Copy out, from the entries below, each line that holds the string "Wheel".

● ● ●

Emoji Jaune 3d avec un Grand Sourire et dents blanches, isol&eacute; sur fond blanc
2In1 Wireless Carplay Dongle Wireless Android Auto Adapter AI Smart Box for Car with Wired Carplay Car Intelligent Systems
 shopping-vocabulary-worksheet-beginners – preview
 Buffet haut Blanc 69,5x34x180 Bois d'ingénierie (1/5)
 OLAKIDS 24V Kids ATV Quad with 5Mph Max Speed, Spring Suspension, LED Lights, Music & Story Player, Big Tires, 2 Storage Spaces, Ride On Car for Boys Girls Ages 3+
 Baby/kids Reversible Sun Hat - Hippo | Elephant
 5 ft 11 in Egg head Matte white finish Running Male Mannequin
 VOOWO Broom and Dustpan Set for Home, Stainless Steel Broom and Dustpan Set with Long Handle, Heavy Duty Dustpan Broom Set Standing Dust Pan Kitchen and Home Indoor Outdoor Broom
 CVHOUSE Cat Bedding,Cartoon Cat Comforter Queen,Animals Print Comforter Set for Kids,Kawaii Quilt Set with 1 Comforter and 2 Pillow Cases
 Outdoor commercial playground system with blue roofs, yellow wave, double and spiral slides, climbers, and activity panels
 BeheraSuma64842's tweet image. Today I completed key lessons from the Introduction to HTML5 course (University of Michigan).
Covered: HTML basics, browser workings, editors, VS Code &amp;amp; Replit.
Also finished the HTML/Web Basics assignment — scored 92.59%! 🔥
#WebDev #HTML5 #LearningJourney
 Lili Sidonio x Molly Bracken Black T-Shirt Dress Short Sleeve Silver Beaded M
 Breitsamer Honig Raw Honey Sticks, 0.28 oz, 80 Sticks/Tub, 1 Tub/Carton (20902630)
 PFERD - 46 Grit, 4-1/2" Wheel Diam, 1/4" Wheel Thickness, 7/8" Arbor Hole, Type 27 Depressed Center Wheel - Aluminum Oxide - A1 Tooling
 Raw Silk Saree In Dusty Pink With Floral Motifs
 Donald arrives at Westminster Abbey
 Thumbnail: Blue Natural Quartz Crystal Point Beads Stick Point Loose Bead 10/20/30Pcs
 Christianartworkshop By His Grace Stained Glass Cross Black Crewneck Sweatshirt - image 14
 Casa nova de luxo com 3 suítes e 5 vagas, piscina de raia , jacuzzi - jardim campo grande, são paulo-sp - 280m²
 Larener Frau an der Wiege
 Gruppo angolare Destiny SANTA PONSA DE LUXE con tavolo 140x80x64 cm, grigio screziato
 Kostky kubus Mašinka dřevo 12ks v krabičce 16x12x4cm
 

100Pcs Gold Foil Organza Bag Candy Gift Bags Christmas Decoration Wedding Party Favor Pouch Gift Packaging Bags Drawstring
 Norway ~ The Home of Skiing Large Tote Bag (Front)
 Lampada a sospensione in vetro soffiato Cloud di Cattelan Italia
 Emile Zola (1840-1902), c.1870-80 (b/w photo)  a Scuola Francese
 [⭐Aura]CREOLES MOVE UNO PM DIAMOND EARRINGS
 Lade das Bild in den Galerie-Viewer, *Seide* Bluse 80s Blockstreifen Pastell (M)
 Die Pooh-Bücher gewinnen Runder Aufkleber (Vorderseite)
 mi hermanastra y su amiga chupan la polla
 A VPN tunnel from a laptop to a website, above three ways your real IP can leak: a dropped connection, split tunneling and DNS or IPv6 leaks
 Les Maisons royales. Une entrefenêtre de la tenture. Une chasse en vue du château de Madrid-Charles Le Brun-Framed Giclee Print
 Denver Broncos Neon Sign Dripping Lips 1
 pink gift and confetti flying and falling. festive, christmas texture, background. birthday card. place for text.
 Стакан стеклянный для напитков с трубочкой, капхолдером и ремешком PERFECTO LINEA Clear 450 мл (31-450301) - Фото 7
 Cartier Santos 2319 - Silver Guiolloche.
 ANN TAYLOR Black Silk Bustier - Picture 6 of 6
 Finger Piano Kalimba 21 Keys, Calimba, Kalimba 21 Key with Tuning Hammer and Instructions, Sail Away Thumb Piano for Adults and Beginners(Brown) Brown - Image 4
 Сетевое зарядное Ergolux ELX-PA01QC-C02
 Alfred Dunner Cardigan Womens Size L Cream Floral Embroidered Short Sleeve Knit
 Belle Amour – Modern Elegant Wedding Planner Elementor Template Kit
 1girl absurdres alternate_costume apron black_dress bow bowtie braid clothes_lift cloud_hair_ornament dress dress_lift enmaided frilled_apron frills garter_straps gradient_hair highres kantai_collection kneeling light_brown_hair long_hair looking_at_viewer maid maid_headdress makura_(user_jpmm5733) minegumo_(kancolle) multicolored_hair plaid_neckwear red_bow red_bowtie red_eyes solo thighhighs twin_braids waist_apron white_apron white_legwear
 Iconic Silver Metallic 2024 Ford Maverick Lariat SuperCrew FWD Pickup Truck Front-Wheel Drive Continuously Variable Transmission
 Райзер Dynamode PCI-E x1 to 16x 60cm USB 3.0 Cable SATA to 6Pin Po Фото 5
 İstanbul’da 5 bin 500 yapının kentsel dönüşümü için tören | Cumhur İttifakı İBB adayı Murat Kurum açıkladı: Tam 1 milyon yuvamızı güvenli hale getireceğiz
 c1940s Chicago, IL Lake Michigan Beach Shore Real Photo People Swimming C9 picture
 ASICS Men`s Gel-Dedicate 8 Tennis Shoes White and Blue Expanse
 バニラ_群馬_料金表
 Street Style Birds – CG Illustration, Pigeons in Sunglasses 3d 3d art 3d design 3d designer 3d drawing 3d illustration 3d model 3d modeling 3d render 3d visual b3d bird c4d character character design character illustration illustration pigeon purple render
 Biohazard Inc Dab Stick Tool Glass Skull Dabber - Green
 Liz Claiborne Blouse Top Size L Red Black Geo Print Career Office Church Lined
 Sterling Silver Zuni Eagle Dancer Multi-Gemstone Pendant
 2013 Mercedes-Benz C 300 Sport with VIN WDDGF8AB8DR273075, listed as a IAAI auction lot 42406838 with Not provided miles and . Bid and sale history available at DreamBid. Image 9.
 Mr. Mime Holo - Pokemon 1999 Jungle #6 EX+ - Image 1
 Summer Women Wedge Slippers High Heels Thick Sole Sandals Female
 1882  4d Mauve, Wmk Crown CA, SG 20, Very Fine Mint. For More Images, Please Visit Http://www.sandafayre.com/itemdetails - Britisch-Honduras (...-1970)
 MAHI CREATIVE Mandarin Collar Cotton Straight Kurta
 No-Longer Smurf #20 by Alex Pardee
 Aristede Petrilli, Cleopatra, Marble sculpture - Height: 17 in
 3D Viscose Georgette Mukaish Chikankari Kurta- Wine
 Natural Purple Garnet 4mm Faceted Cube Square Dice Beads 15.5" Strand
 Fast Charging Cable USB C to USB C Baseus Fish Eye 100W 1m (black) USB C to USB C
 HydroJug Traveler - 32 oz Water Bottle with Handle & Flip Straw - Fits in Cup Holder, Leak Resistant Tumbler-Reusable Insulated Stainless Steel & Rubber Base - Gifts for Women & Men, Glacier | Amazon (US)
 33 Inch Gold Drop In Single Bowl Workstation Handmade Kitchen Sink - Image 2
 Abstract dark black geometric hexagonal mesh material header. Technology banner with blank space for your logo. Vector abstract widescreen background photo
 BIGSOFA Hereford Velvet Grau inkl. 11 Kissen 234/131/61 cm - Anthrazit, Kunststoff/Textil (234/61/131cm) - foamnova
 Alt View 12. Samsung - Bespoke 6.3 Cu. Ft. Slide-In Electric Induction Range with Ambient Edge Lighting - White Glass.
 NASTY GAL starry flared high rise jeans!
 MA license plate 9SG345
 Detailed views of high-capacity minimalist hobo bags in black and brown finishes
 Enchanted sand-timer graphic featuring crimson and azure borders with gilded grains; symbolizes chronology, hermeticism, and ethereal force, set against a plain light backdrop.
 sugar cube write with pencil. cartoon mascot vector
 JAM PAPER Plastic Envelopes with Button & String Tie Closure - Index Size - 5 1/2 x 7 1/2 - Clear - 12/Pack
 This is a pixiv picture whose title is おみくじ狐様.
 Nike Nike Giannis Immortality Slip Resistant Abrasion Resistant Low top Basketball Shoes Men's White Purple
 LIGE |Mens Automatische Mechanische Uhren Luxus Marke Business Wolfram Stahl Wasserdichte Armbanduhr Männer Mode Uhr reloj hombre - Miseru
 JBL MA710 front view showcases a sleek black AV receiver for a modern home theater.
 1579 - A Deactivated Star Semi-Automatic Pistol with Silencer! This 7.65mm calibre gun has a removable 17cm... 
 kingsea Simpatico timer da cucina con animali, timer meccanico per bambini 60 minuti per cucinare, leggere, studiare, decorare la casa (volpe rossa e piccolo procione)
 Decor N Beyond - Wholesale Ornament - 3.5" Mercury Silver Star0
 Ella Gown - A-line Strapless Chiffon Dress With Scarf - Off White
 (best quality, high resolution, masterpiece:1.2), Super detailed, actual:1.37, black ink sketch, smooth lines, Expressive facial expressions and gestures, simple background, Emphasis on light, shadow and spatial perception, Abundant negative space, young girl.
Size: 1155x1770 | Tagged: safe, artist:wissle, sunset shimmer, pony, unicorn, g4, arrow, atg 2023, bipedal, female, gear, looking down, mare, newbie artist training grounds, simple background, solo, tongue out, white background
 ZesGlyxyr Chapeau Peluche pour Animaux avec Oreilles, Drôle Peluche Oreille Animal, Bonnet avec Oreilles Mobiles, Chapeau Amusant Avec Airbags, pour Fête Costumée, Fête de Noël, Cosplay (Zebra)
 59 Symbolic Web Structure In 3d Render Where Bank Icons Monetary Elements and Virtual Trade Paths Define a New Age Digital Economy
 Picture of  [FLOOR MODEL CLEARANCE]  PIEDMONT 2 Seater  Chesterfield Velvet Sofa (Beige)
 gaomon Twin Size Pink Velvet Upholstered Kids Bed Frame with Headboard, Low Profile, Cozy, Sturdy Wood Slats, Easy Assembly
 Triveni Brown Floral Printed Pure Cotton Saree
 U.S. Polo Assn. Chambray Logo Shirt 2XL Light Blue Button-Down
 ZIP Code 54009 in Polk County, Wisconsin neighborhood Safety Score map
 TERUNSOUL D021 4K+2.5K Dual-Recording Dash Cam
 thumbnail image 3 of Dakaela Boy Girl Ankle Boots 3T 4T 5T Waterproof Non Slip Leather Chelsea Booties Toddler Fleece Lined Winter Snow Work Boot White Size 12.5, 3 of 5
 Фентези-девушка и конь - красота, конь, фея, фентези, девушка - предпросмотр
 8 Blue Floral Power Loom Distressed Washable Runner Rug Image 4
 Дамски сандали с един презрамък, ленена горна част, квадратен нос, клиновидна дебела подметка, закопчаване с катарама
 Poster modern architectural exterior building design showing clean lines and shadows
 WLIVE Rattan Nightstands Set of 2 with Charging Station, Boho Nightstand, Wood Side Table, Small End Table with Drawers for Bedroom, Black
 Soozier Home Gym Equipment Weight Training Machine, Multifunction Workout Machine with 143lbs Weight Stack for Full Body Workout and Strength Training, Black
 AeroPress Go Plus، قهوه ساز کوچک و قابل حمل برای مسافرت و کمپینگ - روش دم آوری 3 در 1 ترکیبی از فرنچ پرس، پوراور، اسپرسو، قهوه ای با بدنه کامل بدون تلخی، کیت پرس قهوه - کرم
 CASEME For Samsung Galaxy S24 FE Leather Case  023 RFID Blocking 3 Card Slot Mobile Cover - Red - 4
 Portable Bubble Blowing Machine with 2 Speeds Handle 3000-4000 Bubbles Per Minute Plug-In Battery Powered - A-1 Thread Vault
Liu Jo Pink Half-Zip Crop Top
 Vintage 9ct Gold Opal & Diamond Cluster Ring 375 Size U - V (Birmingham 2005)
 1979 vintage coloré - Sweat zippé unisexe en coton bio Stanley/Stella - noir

● ● ●

**RESPONSE TO THIS EXERCISE**:
 PFERD - 46 Grit, 4-1/2" Wheel Diam, 1/4" Wheel Thickness, 7/8" Arbor Hole, Type 27 Depressed Center Wheel - Aluminum Oxide - A1 Tooling
 Iconic Silver Metallic 2024 Ford Maverick Lariat SuperCrew FWD Pickup Truck Front-Wheel Drive Continuously Variable Transmission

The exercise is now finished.